:: Try it ::
Could every entry be set down once more, exactly as given?
== Segment start ==
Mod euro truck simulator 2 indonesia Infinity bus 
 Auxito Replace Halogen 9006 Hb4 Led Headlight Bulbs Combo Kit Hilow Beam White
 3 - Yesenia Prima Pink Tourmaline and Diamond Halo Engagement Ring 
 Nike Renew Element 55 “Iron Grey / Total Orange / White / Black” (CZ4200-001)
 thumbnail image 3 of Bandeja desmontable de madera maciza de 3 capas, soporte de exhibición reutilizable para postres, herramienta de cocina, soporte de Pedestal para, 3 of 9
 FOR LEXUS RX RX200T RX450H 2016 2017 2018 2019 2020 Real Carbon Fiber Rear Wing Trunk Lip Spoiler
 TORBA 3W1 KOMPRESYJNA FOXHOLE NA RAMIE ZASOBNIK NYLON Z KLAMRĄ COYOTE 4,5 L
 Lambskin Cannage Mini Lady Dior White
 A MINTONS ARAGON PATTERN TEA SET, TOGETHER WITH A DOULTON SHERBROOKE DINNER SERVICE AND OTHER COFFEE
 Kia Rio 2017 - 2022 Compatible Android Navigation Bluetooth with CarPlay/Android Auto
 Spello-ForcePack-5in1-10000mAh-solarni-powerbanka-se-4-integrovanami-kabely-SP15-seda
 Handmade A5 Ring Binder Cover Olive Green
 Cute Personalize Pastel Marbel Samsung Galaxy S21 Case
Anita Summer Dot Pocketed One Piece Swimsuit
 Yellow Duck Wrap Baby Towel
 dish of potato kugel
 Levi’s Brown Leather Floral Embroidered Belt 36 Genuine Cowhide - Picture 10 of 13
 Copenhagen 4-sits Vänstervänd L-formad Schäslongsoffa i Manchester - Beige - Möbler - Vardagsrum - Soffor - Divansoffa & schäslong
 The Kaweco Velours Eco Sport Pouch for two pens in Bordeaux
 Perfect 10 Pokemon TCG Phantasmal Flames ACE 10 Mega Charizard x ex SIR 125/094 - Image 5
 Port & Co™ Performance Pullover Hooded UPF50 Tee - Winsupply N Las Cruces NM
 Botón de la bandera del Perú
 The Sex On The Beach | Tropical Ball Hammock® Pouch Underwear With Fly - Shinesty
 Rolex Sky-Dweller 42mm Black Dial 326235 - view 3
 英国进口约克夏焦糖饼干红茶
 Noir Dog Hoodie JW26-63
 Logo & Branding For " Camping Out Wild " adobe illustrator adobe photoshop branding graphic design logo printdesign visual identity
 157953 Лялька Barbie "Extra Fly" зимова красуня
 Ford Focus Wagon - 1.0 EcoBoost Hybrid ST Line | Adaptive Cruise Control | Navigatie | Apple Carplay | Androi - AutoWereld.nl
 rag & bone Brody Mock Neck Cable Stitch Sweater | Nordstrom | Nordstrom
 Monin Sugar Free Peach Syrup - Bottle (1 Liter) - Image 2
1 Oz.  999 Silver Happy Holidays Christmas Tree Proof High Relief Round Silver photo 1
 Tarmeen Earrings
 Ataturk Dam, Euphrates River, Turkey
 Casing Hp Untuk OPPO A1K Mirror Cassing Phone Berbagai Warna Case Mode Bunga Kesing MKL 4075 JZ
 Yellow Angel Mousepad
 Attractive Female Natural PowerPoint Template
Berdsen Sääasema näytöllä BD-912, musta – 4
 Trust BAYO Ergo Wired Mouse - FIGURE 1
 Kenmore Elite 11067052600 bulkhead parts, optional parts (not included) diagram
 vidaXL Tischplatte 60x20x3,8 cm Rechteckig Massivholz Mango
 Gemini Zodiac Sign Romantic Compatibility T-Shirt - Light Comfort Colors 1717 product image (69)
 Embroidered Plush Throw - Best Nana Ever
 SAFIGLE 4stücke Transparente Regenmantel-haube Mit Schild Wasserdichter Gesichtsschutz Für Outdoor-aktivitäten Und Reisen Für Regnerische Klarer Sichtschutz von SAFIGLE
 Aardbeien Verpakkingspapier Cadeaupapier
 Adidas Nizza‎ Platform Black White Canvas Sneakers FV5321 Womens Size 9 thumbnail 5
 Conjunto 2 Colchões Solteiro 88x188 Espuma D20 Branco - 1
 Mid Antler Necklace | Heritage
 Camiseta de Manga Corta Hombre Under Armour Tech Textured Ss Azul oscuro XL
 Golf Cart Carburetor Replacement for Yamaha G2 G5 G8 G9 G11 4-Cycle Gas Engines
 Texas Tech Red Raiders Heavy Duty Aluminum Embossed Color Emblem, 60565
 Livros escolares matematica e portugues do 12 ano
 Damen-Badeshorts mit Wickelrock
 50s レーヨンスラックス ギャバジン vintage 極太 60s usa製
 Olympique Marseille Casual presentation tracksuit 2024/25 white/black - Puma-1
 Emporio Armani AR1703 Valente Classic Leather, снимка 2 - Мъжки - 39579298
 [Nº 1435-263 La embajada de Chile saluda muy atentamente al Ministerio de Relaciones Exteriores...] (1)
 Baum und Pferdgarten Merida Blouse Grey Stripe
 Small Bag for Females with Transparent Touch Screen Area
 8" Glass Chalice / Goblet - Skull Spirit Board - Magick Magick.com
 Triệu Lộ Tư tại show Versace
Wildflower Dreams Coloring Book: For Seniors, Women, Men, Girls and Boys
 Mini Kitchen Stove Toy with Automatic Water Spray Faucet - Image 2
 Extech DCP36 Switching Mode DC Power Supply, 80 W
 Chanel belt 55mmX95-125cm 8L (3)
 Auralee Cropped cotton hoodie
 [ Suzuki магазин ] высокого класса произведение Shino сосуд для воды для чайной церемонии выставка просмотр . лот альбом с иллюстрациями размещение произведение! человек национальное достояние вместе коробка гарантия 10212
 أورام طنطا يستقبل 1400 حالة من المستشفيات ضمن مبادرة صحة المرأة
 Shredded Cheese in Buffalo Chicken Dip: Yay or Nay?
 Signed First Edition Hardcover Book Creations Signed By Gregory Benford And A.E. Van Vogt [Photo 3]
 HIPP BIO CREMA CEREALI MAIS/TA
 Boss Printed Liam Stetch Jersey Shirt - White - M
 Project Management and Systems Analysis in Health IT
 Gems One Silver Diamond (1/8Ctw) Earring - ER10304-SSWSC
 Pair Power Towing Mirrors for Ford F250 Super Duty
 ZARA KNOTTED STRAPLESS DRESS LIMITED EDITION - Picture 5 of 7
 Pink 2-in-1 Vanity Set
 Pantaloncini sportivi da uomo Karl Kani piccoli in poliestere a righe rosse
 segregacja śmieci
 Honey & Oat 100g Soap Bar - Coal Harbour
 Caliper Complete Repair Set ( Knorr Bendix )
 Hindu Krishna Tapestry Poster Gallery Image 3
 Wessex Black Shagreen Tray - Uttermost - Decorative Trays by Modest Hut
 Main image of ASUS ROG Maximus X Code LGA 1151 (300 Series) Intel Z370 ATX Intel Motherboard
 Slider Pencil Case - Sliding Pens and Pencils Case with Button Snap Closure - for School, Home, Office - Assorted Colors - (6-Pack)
== Segment end ==
:: Response to this task ::
Mod euro truck simulator 2 indonesia Infinity bus 
 Auxito Replace Halogen 9006 Hb4 Led Headlight Bulbs Combo Kit Hilow Beam White
 3 - Yesenia Prima Pink Tourmaline and Diamond Halo Engagement Ring 
 Nike Renew Element 55 “Iron Grey / Total Orange / White / Black” (CZ4200-001)
 thumbnail image 3 of Bandeja desmontable de madera maciza de 3 capas, soporte de exhibición reutilizable para postres, herramienta de cocina, soporte de Pedestal para, 3 of 9
 FOR LEXUS RX RX200T RX450H 2016 2017 2018 2019 2020 Real Carbon Fiber Rear Wing Trunk Lip Spoiler
 TORBA 3W1 KOMPRESYJNA FOXHOLE NA RAMIE ZASOBNIK NYLON Z KLAMRĄ COYOTE 4,5 L
 Lambskin Cannage Mini Lady Dior White
 A MINTONS ARAGON PATTERN TEA SET, TOGETHER WITH A DOULTON SHERBROOKE DINNER SERVICE AND OTHER COFFEE
 Kia Rio 2017 - 2022 Compatible Android Navigation Bluetooth with CarPlay/Android Auto
 Spello-ForcePack-5in1-10000mAh-solarni-powerbanka-se-4-integrovanami-kabely-SP15-seda
 Handmade A5 Ring Binder Cover Olive Green
 Cute Personalize Pastel Marbel Samsung Galaxy S21 Case
Anita Summer Dot Pocketed One Piece Swimsuit
 Yellow Duck Wrap Baby Towel
 dish of potato kugel
 Levi’s Brown Leather Floral Embroidered Belt 36 Genuine Cowhide - Picture 10 of 13
 Copenhagen 4-sits Vänstervänd L-formad Schäslongsoffa i Manchester - Beige - Möbler - Vardagsrum - Soffor - Divansoffa & schäslong
 The Kaweco Velours Eco Sport Pouch for two pens in Bordeaux
 Perfect 10 Pokemon TCG Phantasmal Flames ACE 10 Mega Charizard x ex SIR 125/094 - Image 5
 Port & Co™ Performance Pullover Hooded UPF50 Tee - Winsupply N Las Cruces NM
 Botón de la bandera del Perú
 The Sex On The Beach | Tropical Ball Hammock® Pouch Underwear With Fly - Shinesty
 Rolex Sky-Dweller 42mm Black Dial 326235 - view 3
 英国进口约克夏焦糖饼干红茶
 Noir Dog Hoodie JW26-63
 Logo & Branding For " Camping Out Wild " adobe illustrator adobe photoshop branding graphic design logo printdesign visual identity
 157953 Лялька Barbie "Extra Fly" зимова красуня
 Ford Focus Wagon - 1.0 EcoBoost Hybrid ST Line | Adaptive Cruise Control | Navigatie | Apple Carplay | Androi - AutoWereld.nl
 rag & bone Brody Mock Neck Cable Stitch Sweater | Nordstrom | Nordstrom
 Monin Sugar Free Peach Syrup - Bottle (1 Liter) - Image 2
1 Oz.  999 Silver Happy Holidays Christmas Tree Proof High Relief Round Silver photo 1
 Tarmeen Earrings
 Ataturk Dam, Euphrates River, Turkey
 Casing Hp Untuk OPPO A1K Mirror Cassing Phone Berbagai Warna Case Mode Bunga Kesing MKL 4075 JZ
 Yellow Angel Mousepad
 Attractive Female Natural PowerPoint Template
Berdsen Sääasema näytöllä BD-912, musta – 4
 Trust BAYO Ergo Wired Mouse - FIGURE 1
 Kenmore Elite 11067052600 bulkhead parts, optional parts (not included) diagram
 vidaXL Tischplatte 60x20x3,8 cm Rechteckig Massivholz Mango
 Gemini Zodiac Sign Romantic Compatibility T-Shirt - Light Comfort Colors 1717 product image (69)
 Embroidered Plush Throw - Best Nana Ever
 SAFIGLE 4stücke Transparente Regenmantel-haube Mit Schild Wasserdichter Gesichtsschutz Für Outdoor-aktivitäten Und Reisen Für Regnerische Klarer Sichtschutz von SAFIGLE
 Aardbeien Verpakkingspapier Cadeaupapier
 Adidas Nizza‎ Platform Black White Canvas Sneakers FV5321 Womens Size 9 thumbnail 5
 Conjunto 2 Colchões Solteiro 88x188 Espuma D20 Branco - 1
 Mid Antler Necklace | Heritage
 Camiseta de Manga Corta Hombre Under Armour Tech Textured Ss Azul oscuro XL
 Golf Cart Carburetor Replacement for Yamaha G2 G5 G8 G9 G11 4-Cycle Gas Engines
 Texas Tech Red Raiders Heavy Duty Aluminum Embossed Color Emblem, 60565
 Livros escolares matematica e portugues do 12 ano
 Damen-Badeshorts mit Wickelrock
 50s レーヨンスラックス ギャバジン vintage 極太 60s usa製
 Olympique Marseille Casual presentation tracksuit 2024/25 white/black - Puma-1
 Emporio Armani AR1703 Valente Classic Leather, снимка 2 - Мъжки - 39579298
 [Nº 1435-263 La embajada de Chile saluda muy atentamente al Ministerio de Relaciones Exteriores...] (1)
 Baum und Pferdgarten Merida Blouse Grey Stripe
 Small Bag for Females with Transparent Touch Screen Area
 8" Glass Chalice / Goblet - Skull Spirit Board - Magick Magick.com
 Triệu Lộ Tư tại show Versace
Wildflower Dreams Coloring Book: For Seniors, Women, Men, Girls and Boys
 Mini Kitchen Stove Toy with Automatic Water Spray Faucet - Image 2
 Extech DCP36 Switching Mode DC Power Supply, 80 W
 Chanel belt 55mmX95-125cm 8L (3)
 Auralee Cropped cotton hoodie
 [ Suzuki магазин ] высокого класса произведение Shino сосуд для воды для чайной церемонии выставка просмотр . лот альбом с иллюстрациями размещение произведение! человек национальное достояние вместе коробка гарантия 10212
 أورام طنطا يستقبل 1400 حالة من المستشفيات ضمن مبادرة صحة المرأة
 Shredded Cheese in Buffalo Chicken Dip: Yay or Nay?
 Signed First Edition Hardcover Book Creations Signed By Gregory Benford And A.E. Van Vogt [Photo 3]
 HIPP BIO CREMA CEREALI MAIS/TA
 Boss Printed Liam Stetch Jersey Shirt - White - M
 Project Management and Systems Analysis in Health IT
 Gems One Silver Diamond (1/8Ctw) Earring - ER10304-SSWSC
 Pair Power Towing Mirrors for Ford F250 Super Duty
 ZARA KNOTTED STRAPLESS DRESS LIMITED EDITION - Picture 5 of 7
 Pink 2-in-1 Vanity Set
 Pantaloncini sportivi da uomo Karl Kani piccoli in poliestere a righe rosse
 segregacja śmieci
 Honey & Oat 100g Soap Bar - Coal Harbour
 Caliper Complete Repair Set ( Knorr Bendix )
 Hindu Krishna Tapestry Poster Gallery Image 3
 Wessex Black Shagreen Tray - Uttermost - Decorative Trays by Modest Hut
 Main image of ASUS ROG Maximus X Code LGA 1151 (300 Series) Intel Z370 ATX Intel Motherboard
 Slider Pencil Case - Sliding Pens and Pencils Case with Button Snap Closure - for School, Home, Office - Assorted Colors - (6-Pack)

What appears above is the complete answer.